On 6 October 1922, the Vote reported: “There are between 60 and 70 women articled clerks now studying to become solicitors. Many of these are the daughters of country solicitors who have no sons, or else have lost them in the war, and who have articled their girls instead, to keep the practice in the family.”
The mood was optimistic as the first generation of women qualified as solicitors and barristers:
“There is plenty of work for the women solicitors; we have received several inquiries from women asking for the names of women solicitors in whose hands they can place their business. We have had to return the letters, but now I shall recommend London enquirers to get in touch with Mrs. Crofts for family business and with Miss Morrison for litigation cases.” – Law Society statement, Daily News, 2 December 1922.
By the end of 1922, as well as four women solicitors, hundreds of women were sitting as magistrates and 11 women had been called to the bar.
At the time, these four women were hailed as legal trailblazers for women solicitors in England and Wales.
They shared the limelight in this unique moment in the history of the profession, only to be entirely forgotten for most of their careers – and beyond.
Meet the first four
Carrie Morrison: world traveller, paving the way for women
“I am making arrangements to practise immediately."
Morrison was 34 when she completed her articles and became the first woman admitted to the Law Society roll on 18 December 1922.
She came to law following an extraordinarily varied career:
- by the age of 12, she had been taken on a tour around the world, before enrolling at the Manchester High School for Girls
- she was a first-class medieval and modern languages student at Cambridge University
- during World War I she took roles both in the UK and abroad, including supporting the International Labour Office in Istanbul
“I am not so sure that the view held by some people that a woman solicitor will attract women clients is a sound one. Most women like to consult men about their affairs. Still. I can conceive cases in which they would first consult one of their sisters.”

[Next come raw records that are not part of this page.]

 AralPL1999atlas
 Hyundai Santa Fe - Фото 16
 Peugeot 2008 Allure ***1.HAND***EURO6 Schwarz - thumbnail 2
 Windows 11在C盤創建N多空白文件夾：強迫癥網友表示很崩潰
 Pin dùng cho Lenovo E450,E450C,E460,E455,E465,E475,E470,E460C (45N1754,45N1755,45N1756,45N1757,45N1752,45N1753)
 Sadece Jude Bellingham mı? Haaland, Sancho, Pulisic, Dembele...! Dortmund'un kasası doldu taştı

By 21 December 1922, Morrison had received her first clients: two women.
Despite Morrison’s extraordinary achievements, throughout her career she was described as a “poor man’s lawyer”.
“I like common law work best, but one cannot pick and choose when it’s a question of bread and butter”, said Morrison.
Maud Crofts: author and public broadcaster
“We women want not privileges but equality.”
The daughter of a barrister, Maud Crofts was one of the original plaintiffs in the famous test case at Bebb v The Law Society in 1913.
Crofts was a contemporary of Carrie Morrison at Girton College, Cambridge, where she read history and law.
She, too, was in her 30s by the time she qualified and decided to go into practice with her husband shortly after marrying.
In 1925, Croft published Women under English Law, a succinct description of women’s legal status at that time.
It was the first book to be written by a British woman lawyer on women’s position in society.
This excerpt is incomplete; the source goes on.